- **Data extract**:
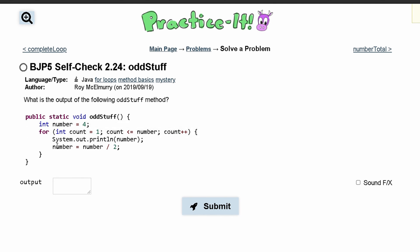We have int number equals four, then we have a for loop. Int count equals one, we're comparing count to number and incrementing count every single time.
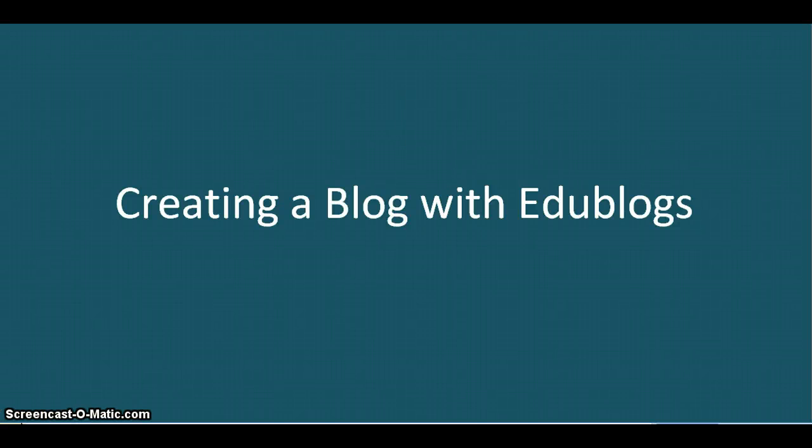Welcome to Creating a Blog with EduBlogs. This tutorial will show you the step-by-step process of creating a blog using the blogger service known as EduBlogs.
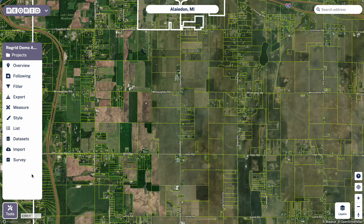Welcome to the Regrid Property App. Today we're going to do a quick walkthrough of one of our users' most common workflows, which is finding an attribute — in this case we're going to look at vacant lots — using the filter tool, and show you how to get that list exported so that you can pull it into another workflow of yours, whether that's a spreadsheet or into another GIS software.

- **What to do**: The copy must reproduce the listing above verbatim and contain no pictures.

- **Result of the exercise**:
We have int number equals four, then we have a for loop. Int count equals one, we're comparing count to number and incrementing count every single time.
Welcome to Creating a Blog with EduBlogs. This tutorial will show you the step-by-step process of creating a blog using the blogger service known as EduBlogs.
Welcome to the Regrid Property App. Today we're going to do a quick walkthrough of one of our users' most common workflows, which is finding an attribute — in this case we're going to look at vacant lots — using the filter tool, and show you how to get that list exported so that you can pull it into another workflow of yours, whether that's a spreadsheet or into another GIS software.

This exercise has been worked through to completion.